Alice had not yet read anything about watermelons, but she nodded anyway.

“What else do you read?”

“Oh, old stuff, mostly.”

They sat without speaking for a while, the man eating his ice cream and Alice pretending to read her book. Two joggers in a row gave them a second glance as they passed. Alice knew who he was—she’d known the moment he sat down, turning her cheeks watermelon pink—but in her astonishment she could only continue staring, like a studious little garden gnome, at the impassable pages that lay open in her lap. They might as well have been made of concrete.
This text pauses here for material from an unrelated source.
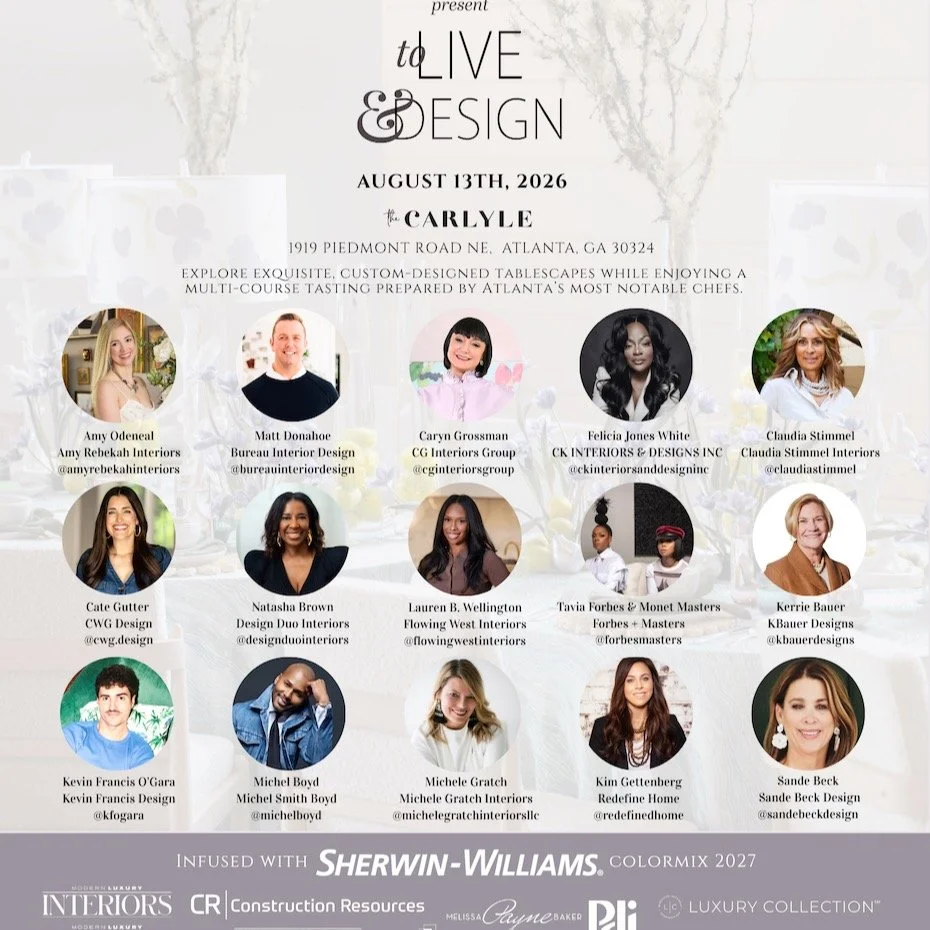 We're thrilled to be one of the featured designers for To Live and Design, where exceptional design meets elevated dining. 

Organized by ADAC and Modern Luxury, To Live and Design brings together the Southeast&rsquo;s top design talent and Atlanta&r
“So,” said the man, rising. “What’s your name?”

“Alice.”

“Who likes old stuff. See you around.”

*

The next Sunday, she was sitting in the same spot, trying to read another book, this one about an angry volcano and a flatulent king.

“You,” he said.

“Alice.”

“Alice. What are you reading that for? I thought you wanted to be a writer.”

“Who said that?”

“Didn’t you?”

His hand shook a little as he broke off a square of chocolate and held it out.

“Thank you,” said Alice.

“You’re velcome,” he replied.

Biting into her chocolate, Alice gave him a quizzical look. “Don’t you know that joke? A man flying into Honolulu says to the guy in the seat next to him, ‘Excuse me, how do you pronounce it? Hawaii or Havaii?’ ‘Havaii,’ says the other guy. ‘Thank you,’ says the first guy. And the other guy says, ‘You’re velcome.’

Still chewing, Alice laughed. “Is that a Jewish joke?”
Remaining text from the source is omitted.